A brochura de plebiscitos é utilizada por muitos eleitores suíços para se informar sobre os temas propostos. Christian Flierl

Em um país onde ocorrem vários plebiscitos por ano, o eleitor é confrontado a temas cada vez mais complexos. Para orientá-lo, o governo envia folhetos explicativos semanas antes das votações, aos mais de cinco milhões de eleitores. O material contém posições oficiais, do Parlamento e dos próprios iniciadores. Essa forma de comunicação não está isenta de críticas. Já defensores falam em um instrumento imprescindível para a democracia direta. 

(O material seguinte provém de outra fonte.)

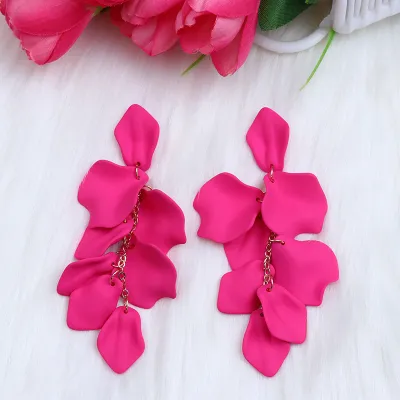 Bohemian Style Personalized Acrylic Tassel Petal Earrings Geometric Fashion Commuter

Os plebiscitos federais de 29 de novembro de 2009 prometiam ser polêmicos. Uma das três questões levadas às urnas era se a Suíça deveria proibir ou não a construção de mais minaretes, as características torres onde os muezins conclamam os muçulmanos às orações. Os autores da iniciativa (ver quadro) vinham de dois partidos de centro-direita, o Partido do Povo Suíço e União Democrática Federal (UDF), e tinham por objetivo colocar em debate a presença crescente do Islã no país e seus supostos riscos à sociedade.

O que é uma iniciativa?

Uma iniciativa popular é um instrumento da democracia direta na Suíça. O projeto de reforma constitucional levado a plebiscito após o recolhimento de 100 mil assinaturas no prazo de 18 meses. Ela pode ser lançada por qualquer cidadão, grupos de interesses ou partidos, mas não através do governo ou Parlamento. Depois de referendada pelo Parlamento, o plebiscito é realizado. Se a maioria dos eleitores e dos cantões aprovarem, a proposta se torna um artigo constitucional. O mesmo instrumento existe em nível cantonal (estadual) e comunal (município).

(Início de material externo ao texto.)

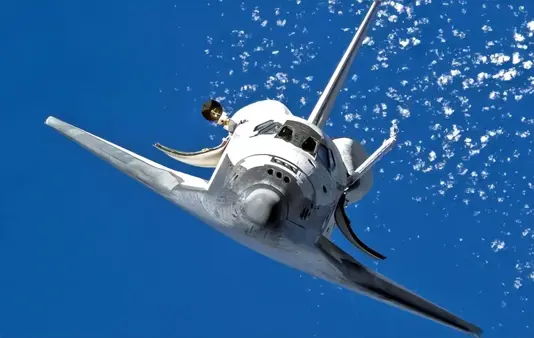 航天飞机返回时爆炸：1400℃热空气席卷整个机舱，宇航员全部遇难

O resultado da votação foi um choque para o país e repercutiu até no exterior. Mais da metade dos eleitores (57,5%) aprovou a iniciativa, com uma elevada participação nas urnas. Grupos de defesa dos direitos humanos e de migrantes protestaram. O governo e o Parlamento, que haviam recomendado a sua refutação, lamentaram, mas acataram a vontade popular. A iniciativa se tornou lei. Hoje existem apenas quatro minaretes, todos construídos antes da votação. Todavia, o Supremo Tribunal Federal decidiu em 2012 que as obrigações legais internacionais do país têm prioridade mesmo apesar da mudança constitucional. Isso significa que a construção de minaretes ainda é possível, caso sejam cumpridas determinadas regras.

Eleitores esclarecidos

Três semanas antes da realização do plebiscito dos minaretes, 5,4 milhões livretos de votação chegavam às residências dos eleitores junto com outros documentos relativos aos plebiscitos cantonais e comunais. Esse é um procedimento tradicional previsto em lei e que ocorre sempre antes de todos os pleitos. A publicação, a de maior tiragem no país, é produzida pelo governo federal para explicar ao eleitor as questões relacionadas a um referendo ou plebiscito em uma linguagem de fácil acesso. “Queremos que qualquer pessoa possa compreender o tema, mesmo sem ter conhecimento do assunto”, explica Thomas Abegglen, coordenador por mais de dez anos do livreto na Chancelaria Federal até setembro de 2015.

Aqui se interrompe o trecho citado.